La gaviota y  el  mar

        

Érase una vez una muy humilde familia:  tres hermanos, el padre y la madre.   Vivían muy  cerca del mar, que les daba de comer porque el padre era pescador. Pronto nacería un nuevo  niño. La madre estaba   encinta   y   se   acercaba    la   fecha    del alumbramiento.

      Nació  una  niña,  preciosa,   de aterciopelada piel.  Creció   fuerte,   sana,   y  pronto  comenzó  a encariñarse   con   todo   lo   que   le   rodeaba.   La cristalina risa de la niña era la alegría de la casa y sus largos cabellos rubios eran como un incensario, derramando naturales aromas cargados de inocencia. Adoraba a sus padres y hermanos y era mimada por todos.  
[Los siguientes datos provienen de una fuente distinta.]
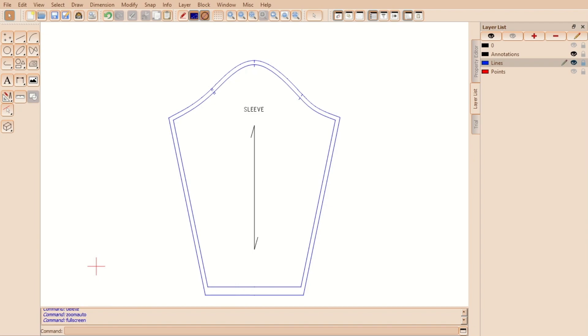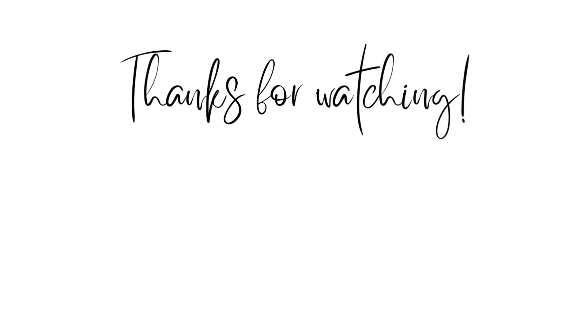Thank you for watching. Please like, subscribe and share. Until next time. Bye!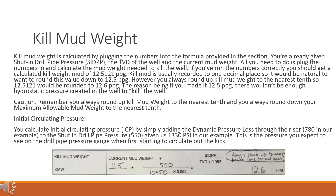Kill mud weight is calculated by plugging the numbers into the formula provided in the section. You're already given shut in drill pipe pressure (SIDP), the TVD of the well, and the current mud weight. If you've run the numbers correctly you should get a calculated kill weight mud of 12.5121 ppg. Kill mud is usually recorded to one decimal place, but you always round up kill mud weight to the nearest tenth, so 12.5121 would be rounded to 12.6 ppg — because if you used 12.5 ppg, there wouldn't be enough hydrostatic pressure to kill the well. Remember: always round up kill mud weight and always round down maximum allowable mud weight to the nearest tenth.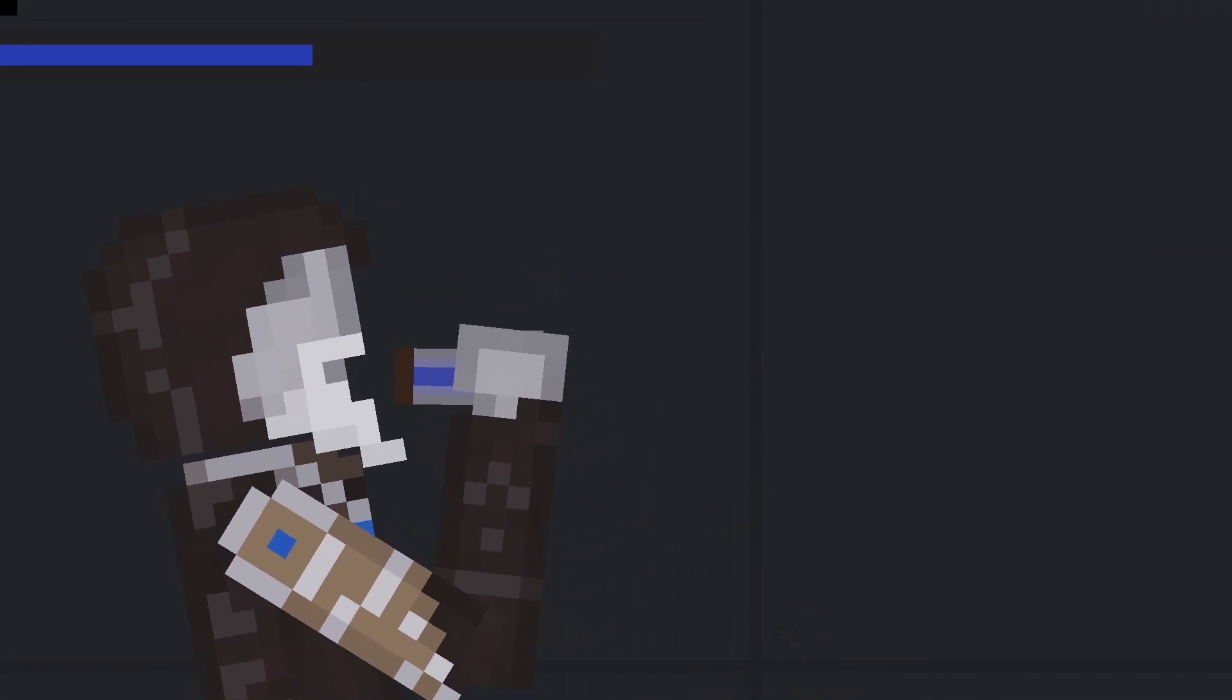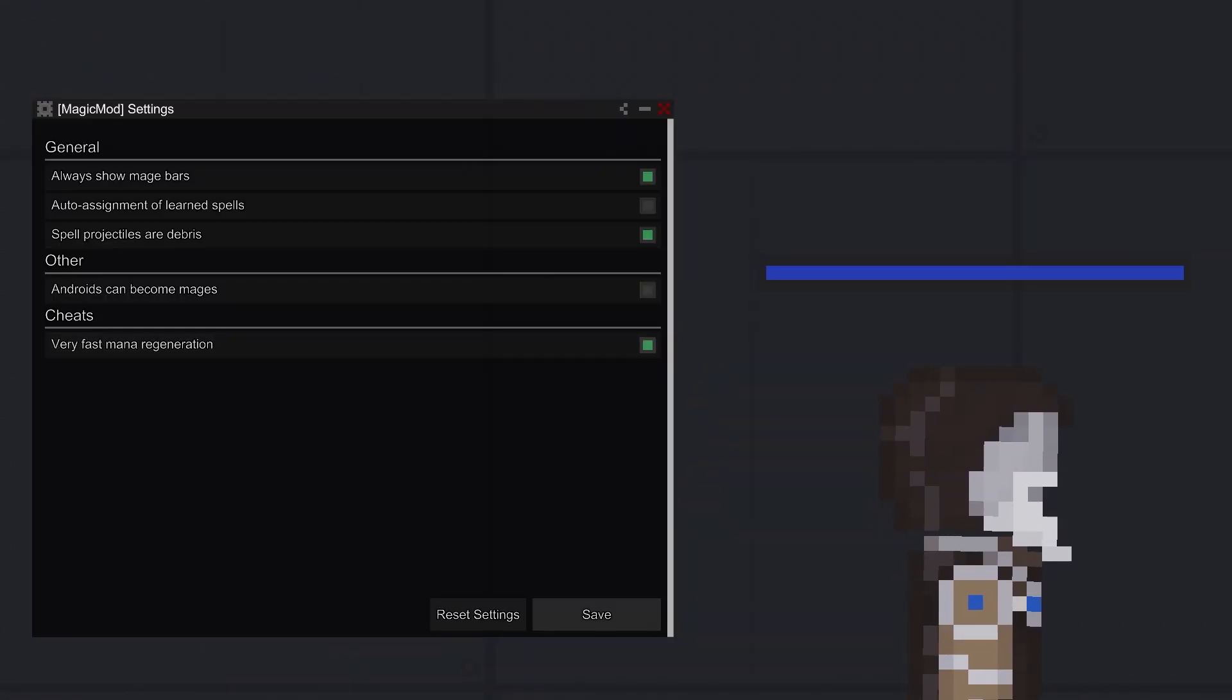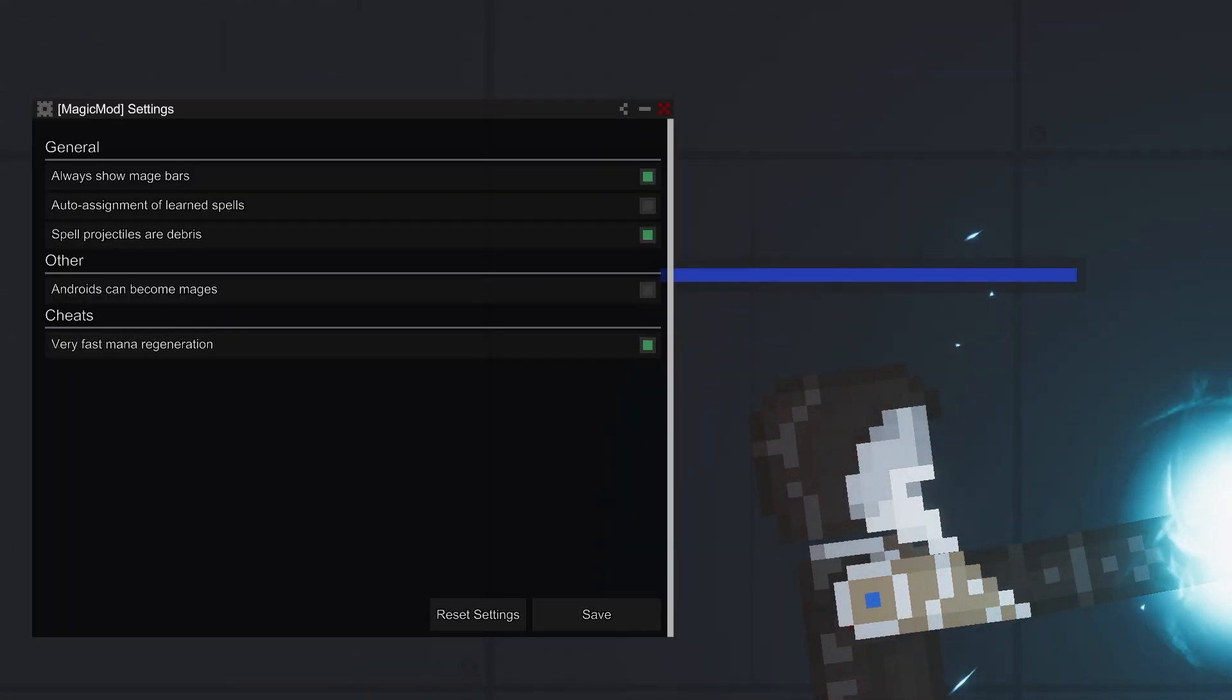2. Use a mana regeneration potion. Let the mage drink it. Move the bottle to the mage's head. 3. Use the cheat option in the mod settings. Very fast mana regeneration.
El campo cercano a su casa se convirtió en cómplice conocedor de sus infantiles fantasías. Desde allí veía las gaviotas que a primeras horas del atardecer acompañaban de regreso a la barca de su padre. Disfrutaba muchísimo con el vuelo vital de aquellas sus amigas aladas. Desviando la mirada hacia lo más inmediato que le rodeaba, veía otro mar de irisada hierba cuajada de flores multicolores. Llena de ilusión, se afanaba en hacer un ramito que todos los días llevaba a su madre, pretendiendo una infantil sorpresa. Volviendo a casa, se extasiaba contemplando el impenetrable bosque oscuro de esbeltos árboles que constituía el telón de su horizonte. Y muy cerca, estaba su mar. Ese mar siempre distinto que le ofrecía infinitos juegos. Jugaba con la visión de las olas rompientes. Si el día era calmo, fantaseaba con un mundo de luz bajo la aquietada superficie del agua. Su mundo era inmenso, pleno. Era una niña feliz.  
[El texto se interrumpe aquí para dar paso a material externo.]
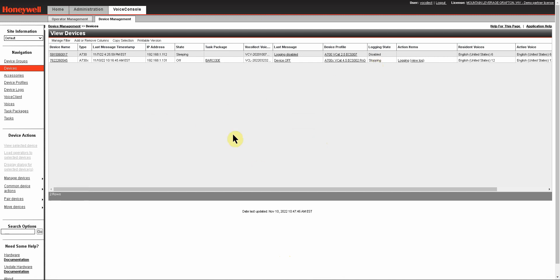So those are just some of the basics for navigating through the Voice Console GUI. As always, if you have any questions, you can always reach out to the Mountain Leverage support team and we would be more than happy to help you.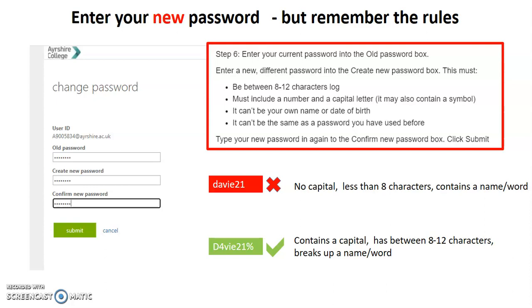But what you can't do, it can't be a date of birth. And importantly, it can't be the same as a password you've used before. And it can't really be your name or a name that it could pick up.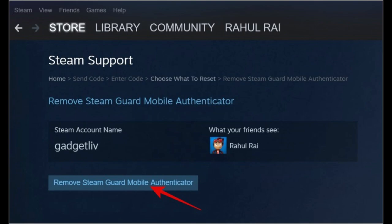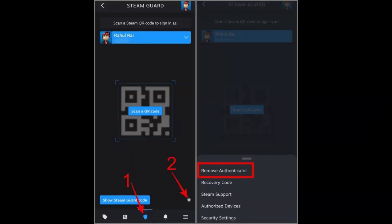Open the Steam app on your mobile device. Navigate to the Steam Guard tab and tap on the Settings icon. Select Remove Authenticator and confirm your decision by tapping Remove. Finally, tap Done and your two-factor authentication on Steam will be removed.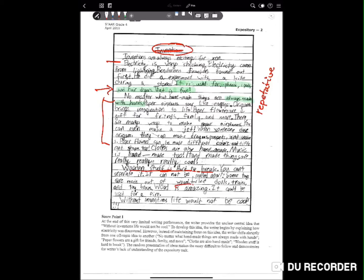The state noted that this is a very limited writing performance. The writer provides an unclear central idea — that 'without inventions life would not be cool' — way down at the end. The writer begins by explaining how electricity was discovered, but instead of maintaining focus, shifts abruptly from one off-topic idea to another. The random presentation of ideas makes the essay difficult to follow and demonstrates the writer's lack of understanding of the expository task. This is a one overall.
Pronto comenzó a descubrir algunos tesoros del mar, acompañando a su padre en sosegados paseos en la modesta embarcación, muy quieta, a popa.  

Con el tiempo, aunque jóvenes, sus hermanos debieron abandonar el hogar para buscar, cada cual por donde pudo, el sustento.  

La niña mujer sufrió infinito al verse privada del afecto de sus adorados hermanos. Pasó mucho tiempo dolida, no comprendiendo por qué lo que los mayores llaman la vida había de maltratarla de aquella injusta forma. Buscaba las respuestas a sus primeras preguntas adultas hablando de cosas sencillas con sus padres. Otras veces pretendía el consuelo en las conversaciones que tenía con su amigo el mar. Pasaba horas caminando por la playa, por la fugaz división entre la arena y el agua. Le hablaba al mar que acabó convirtiéndose en su mejor amigo. Con el mar compartía el susurro de sus palabras y el agua de sus lágrimas.  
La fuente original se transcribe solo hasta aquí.